Ira still looked amazed. “Aren’t you clever! Why can’t you follow up on your schoolwork with the same dedication?”
“But this is interesting,” said Gena. “You see, in a way, Masha is right – we have all got two birthdays. According to the new calendar, the one based more accurately on the sun, Masha was born thirteen days ago on midsummer’s eve, June … June—”
“June the twenty-third,” said Masha impatiently. “Go on.”
“But according to the old calendar, it’s June the twenty-third and midsummer’s eve today. Happy birthday, dear Masha,” he sang, “happy birthday to you!”
Granny gave an indignant snort. “Newfangled nonsense. You young people believe far too much of what you read in all those books. Ivana Kupala is tonight and always has been.”
“Yes, that’s what I’m trying to say. It’s not that they changed the day; it’s just that they changed the way of counting days.” Gena broke off. He thought there was no point in trying to explain to an old woman like Babka Praskovia.
But Masha was looking at him with big, shining eyes. “It’s today,” she breathed. “I found it. So now will I find my heart’s desire?”
“You need to be careful of that,” said Granny. “Be careful what you wish for on Ivana Kupala.”
“Why?”
“Because it might come true, that’s why. If you find the magic fern flower.” Gena and Masha looked blank. “Don’t you learn anything in school?”
“No,” they answered in unison.
“What is the magic fern flower?” asked Masha.
“The flower that grants wishes. You must remember the beekeeper’s story.
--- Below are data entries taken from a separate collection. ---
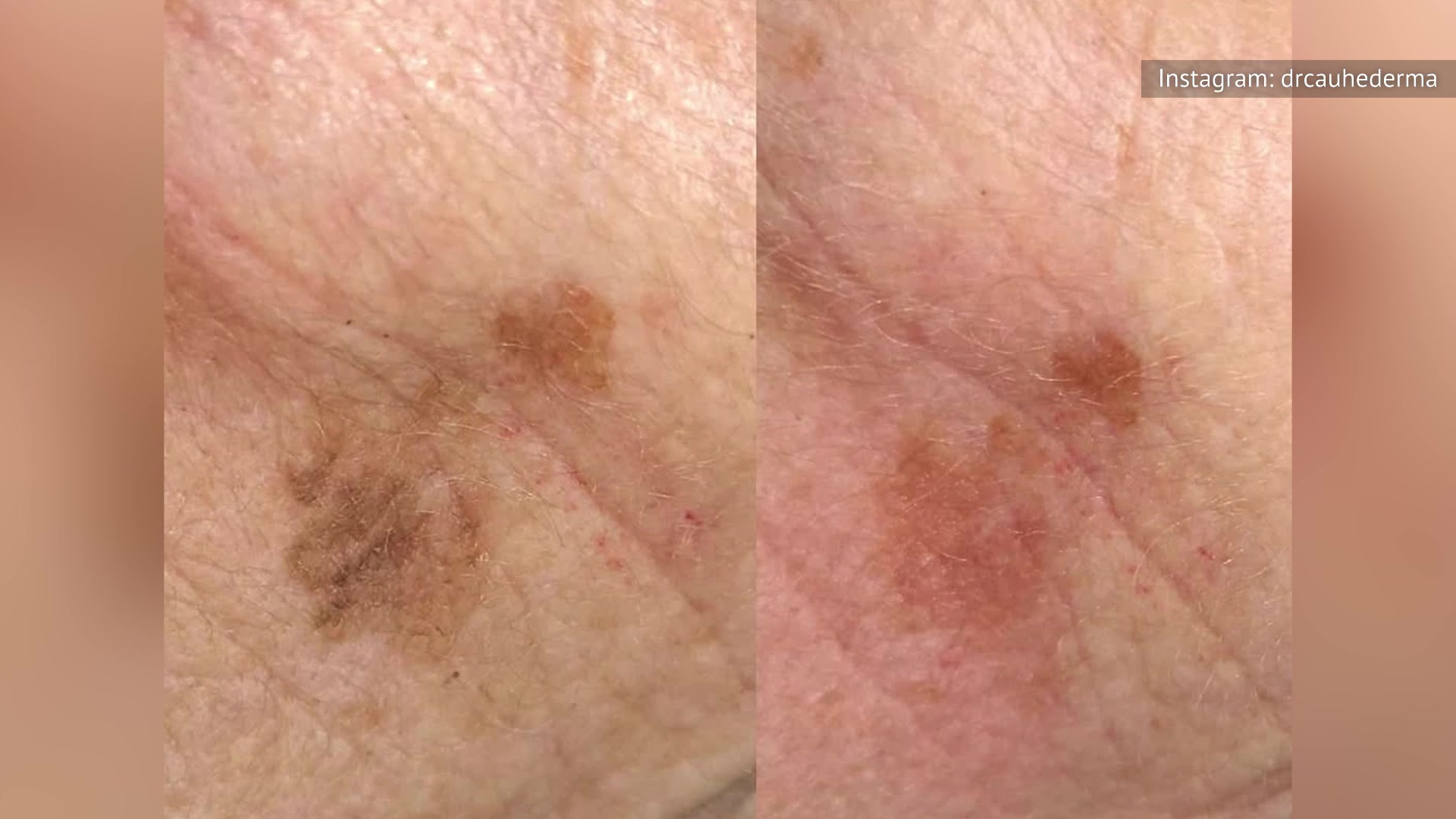 Video thumbnail for What Happens To Your Body When You Stop Showering?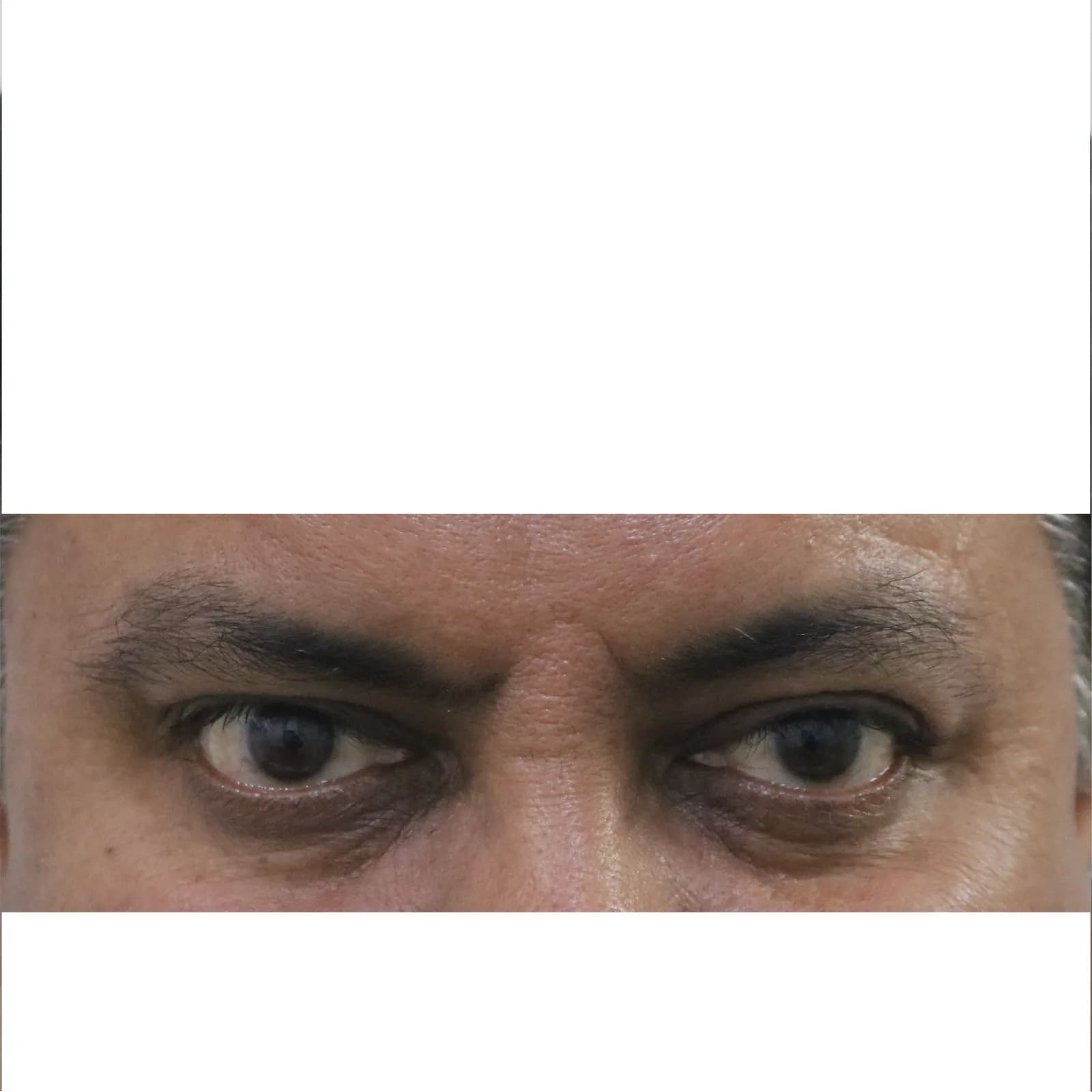 After Botox Treatment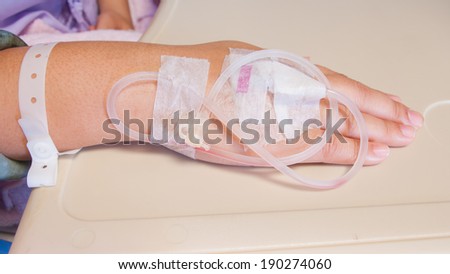Close up  patients hand after remove iv drip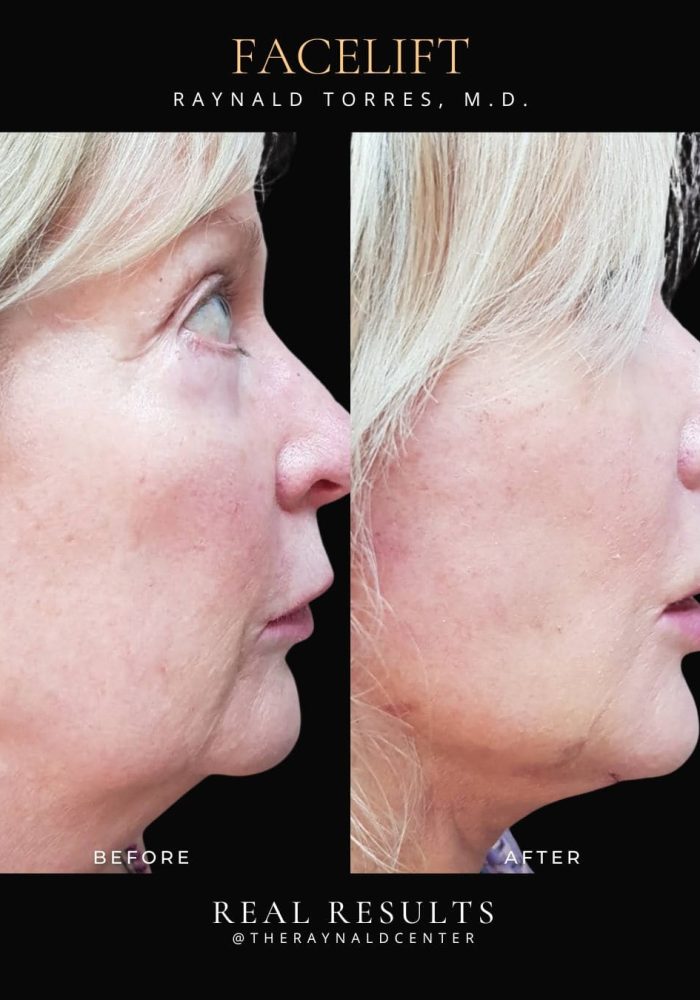 facelift10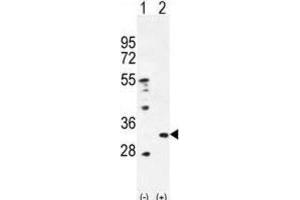 Western Blotting (WB) image for anti-Peroxiredoxin 4 (PRDX4) antibody (ABIN2996535) (Peroxiredoxin 4 anticorps)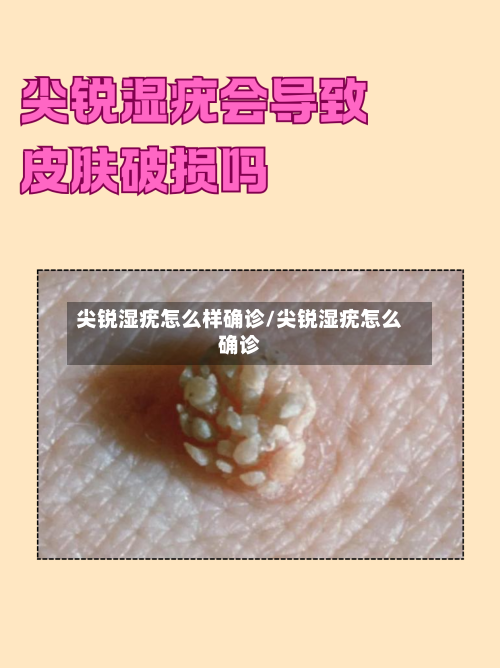 尖锐湿疣怎么样确诊/尖锐湿疣怎么确诊-第2张图片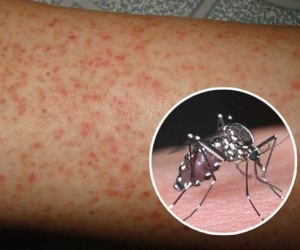 Cô gái 28 tuổi ở Vũng Tàu tử vong do sốt xuất huyết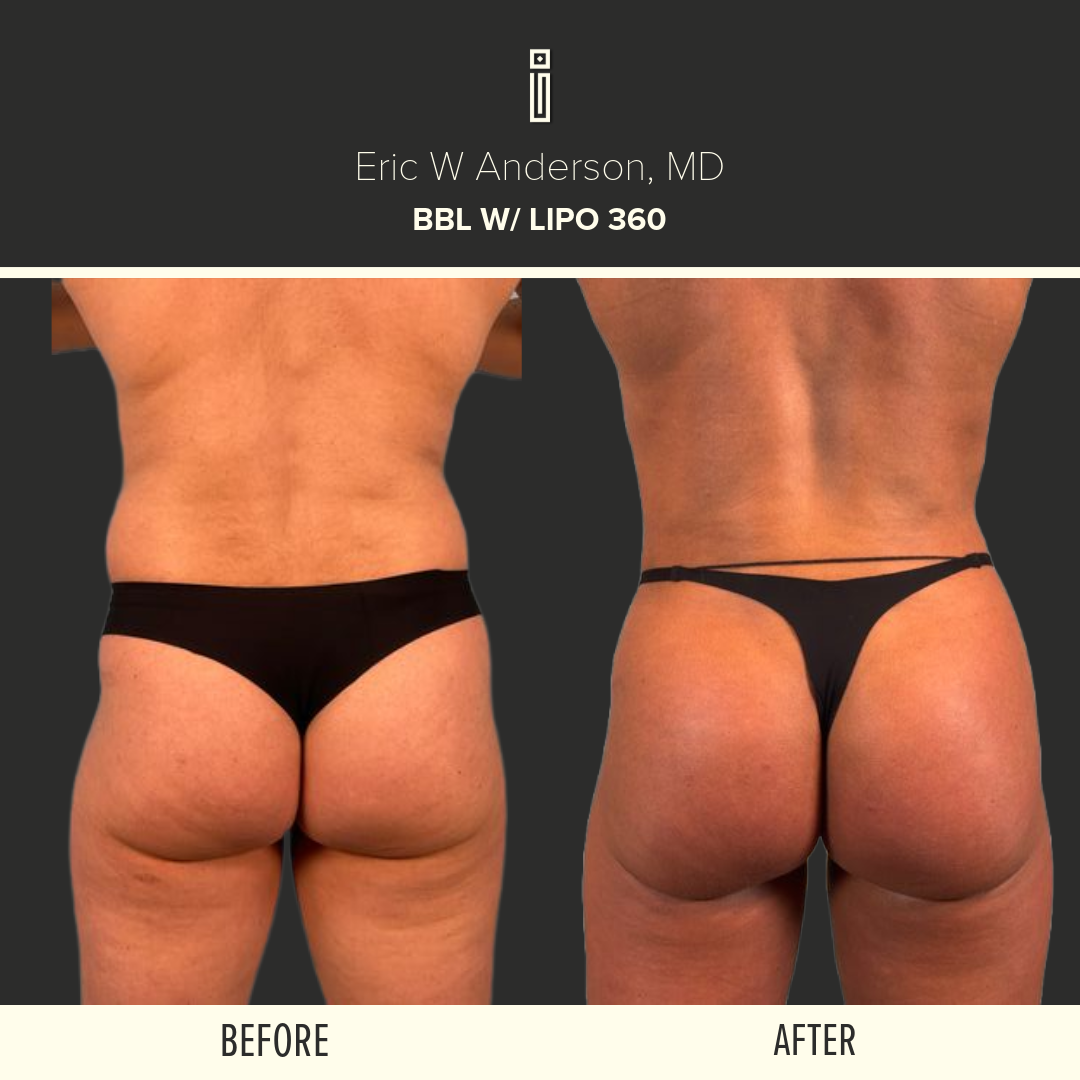 LIPOSUCTION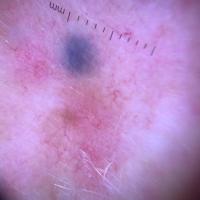 Dermoscopic image of previous figure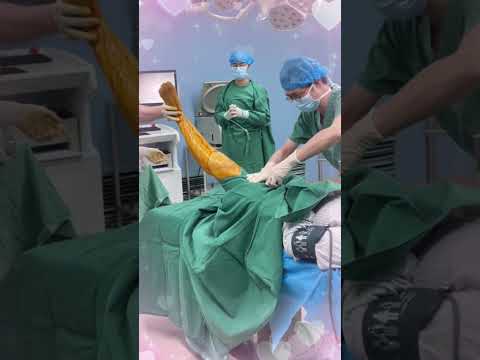 做手术的过程中,医生如何给病人盖上无菌布? #doctor #hospital #颈肩腰酸痛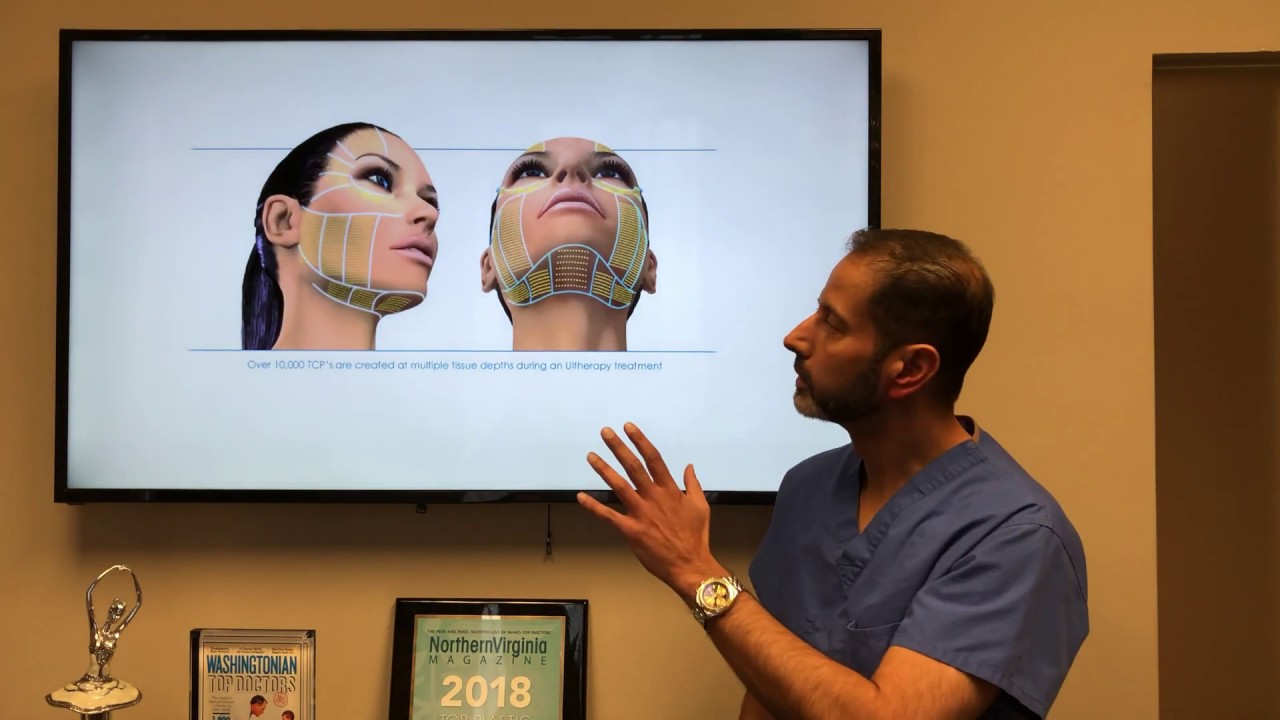 Double Chin/Neck Improvement - Difference Between Ultherapy, Kybella, Liposuction and Necklift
He heard it from his grandfather, who heard it from his grandfather.”
Granny’s voice dropped low and mysterious, so that they all leant closer instinctively to listen. “There was an orphan, Petro, who wanted to marry the pretty daughter of the village headman. In our own village it was, Masha. The headman said no, because Petro had no money. So what did the poor love-struck boy do?”
“What?”
“He sold his soul to the devil, that’s what. He plucked the magic fern flower that blooms only on the night of Ivana Kupala, and wished for riches. As if money can buy happiness! To find the flower he had to do what the devil told him: murder his own true love’s little sister. An innocent child, all for a pot of gold. Much joy he got from it.”
“Why, what happened?”
“Went mad, didn’t he. Drove his poor lovely wife to misery and distraction. The devil came for him in the end, took him down to hell. And what was left of the gold?”
“What?”
“Nothing. Nothing but a sack of old rubbish.”
“That’s a true stor
y?” Gena said disbelievingly.
“Oh, you city children.” Babka Praskovia took hold of his chin in her strong, gnarled old hand and looked closely into his face. “You don’t know a thing, not a blessed thing. You come and stay with me in the village, and I’ll tell you stories about Ivana Kupala that’ll make your hair stand on end.”
“No thanks,” said Gena as the old woman let him go. Was Babka Praskovia really a witch? He thought she quite possibly was.
“What a grim tale,” Ira commented with a faint shiver. “If the moral’s about the evil of riches, perhaps someone should tell it to Igor.”
“Oh, he already knows it,” Granny said.
“How?” Masha asked, puzzled.
“He grew up with it, like Sveta.” Granny was massaging her hurt leg again. “From our village, isn’t he. Although he’d rather pretend that he isn’t.”
Chapter 16
Masha raced along the sunny street past the garages on Gena’s rollerblades. She was on her way to let out the goats. The poor goats: who would look after them now? Ira had promised she would find someone.
It was far too hot to hurry, but there were so many things to do. Her mind was in a whirl. She had to get over to the island and tell her mother about going to the village. Masha had planned that Mama would come with them and everything would finally be all right. No one, she had thought, not Igor, not anyone, would be able to find them deep in the countryside, in the whitewashed house at the end of the dusty, unpaved road.
And now it turned out that Igor was from the village too. Masha was furious that she had not known this. When Igor had first appeared in their lives about three years ago, Mama had said he was an old friend. Exactly how old, or where they had met, Masha had never enquired – or perhaps Mama had told her but she had not listened. She hadn’t listened, she realized now, because she hadn’t wanted to know. She had never liked Igor; even though he had a family of his own, it had always felt as though Mama was somehow trying to replace Papa with him.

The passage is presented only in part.